Dieses Engagement hat sich offensichtlich ausgezahlt.
Unsere Vorleistung hat dazu geführt, dass die Motivation unseres Lieferanten, die ehrgeizige Erhöhung zu schaffen, maximal groß war. Schon nach dem ersten Besuch wurde die Montagelinie des Zulieferers – die zu diesem Zeitpunkt noch zu 30 Prozent für einen anderen Kunden arbeitete – ganz auf unsere Produkte umgestellt. Durch diese und weitere Maßnahmen ist tatsächlich kurzfristig die Verdopplung von 20 Kabinen auf 40 Kabinen wöchentlich gelungen.

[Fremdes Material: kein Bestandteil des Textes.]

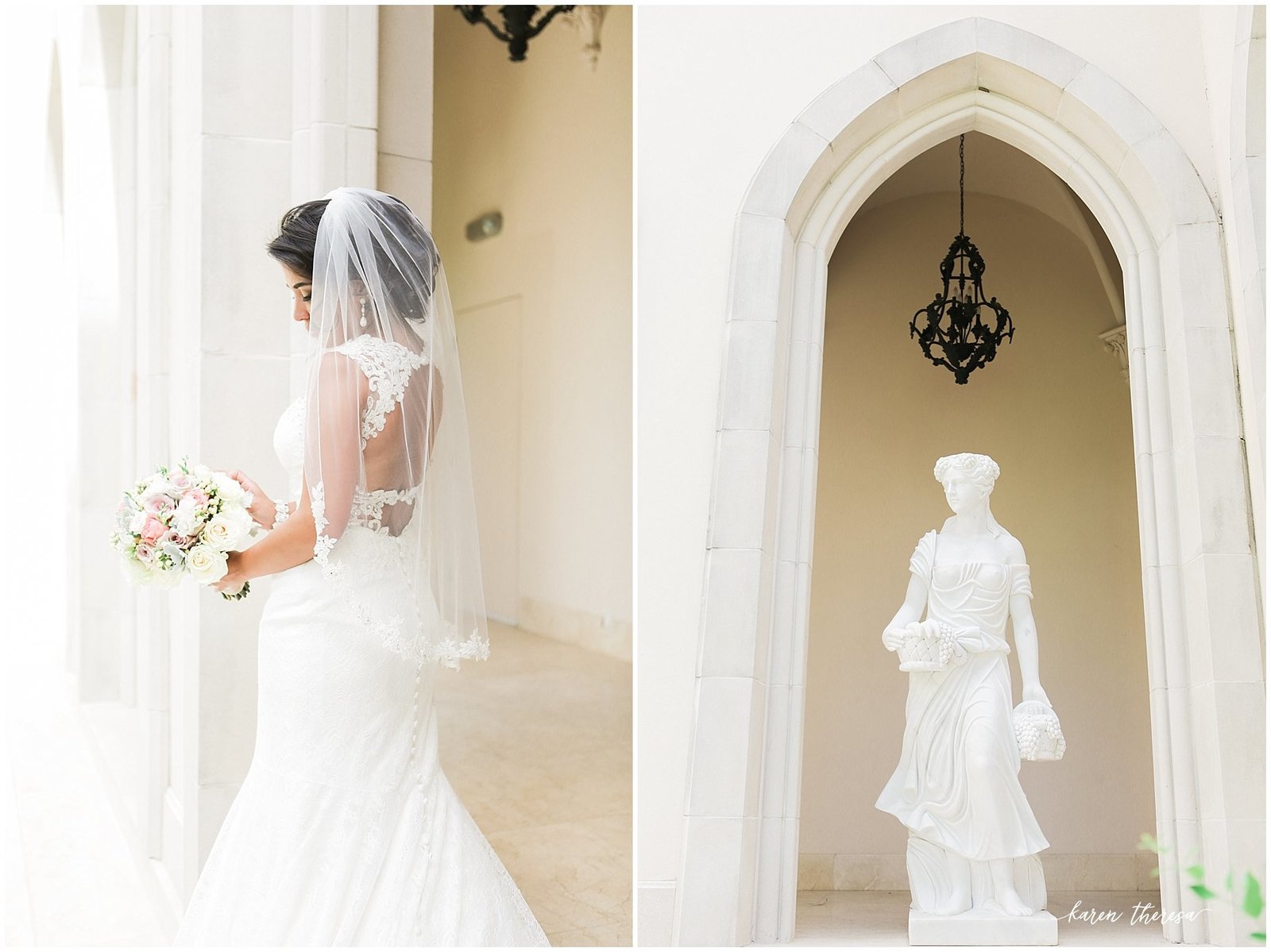 Chateau Cocomar-beautiful bridal photography-karen theresa photography_0779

Hat sich ihr Verhältnis zu dem Lieferanten durch die Aktion auch langfristig verändert?
Unbedingt. Die Tür war jetzt offen, nicht nur für unsere Monteure, sondern auch für unsere Qualitäts-Mitarbeiter, um gemeinsam Probleme zu besprechen, die es eben auch gibt. Eine solche Kabine zu bauen, ist fast genauso komplex wie ein ganzes Fahrzeug. Jetzt gibt es wöchentliche Treffen, auf denen der dortige Produktionsleiter mit uns intensiv zusammenarbeitet.
Ist dieser Ansatz der Kooperation eher eine Reaktion auf aktuelle Krisenlagen – oder ist es vielmehr ein Grundprinzip in Ihrem Unternehmen?
Das ist eindeutig ein Grundprinzip. Eines, das sehr gut in die Zeit passt, aber definitiv ein Teil unseres Wertesystems ist. Dieses System ist wahrscheinlich nicht ganz ungewöhnlich für große Unternehmen, auch speziell für Japanische. Ungewöhnlich ist aber, dass es wirklich mit jeder Faser gelebt wird. Der neue Slogan von Komatsu etwa lautet „Create Value Together“. Das bezieht sich gedanklich in erster Linie auf die Zusammenarbeit mit dem Kunden, mit dem vor Ort gemeinsame Lösungen gesucht werden sollen. Es betrifft aber auch alle anderen Bereiche.
Welche Lehre ziehen Sie aus der Aktion?
Das war definitiv ein Best-Practice-Beispiel für die Zukunft. Es war zwar nicht der erste Fall dieser Art, aber ein sehr spontaner. Innerhalb eines Tages haben wir entschieden, vor Ort auszuhelfen. Es ist toll zu erleben, wenn nach einem anstrengenden Turnier alle Spieler als Sieger vom Platz gehen.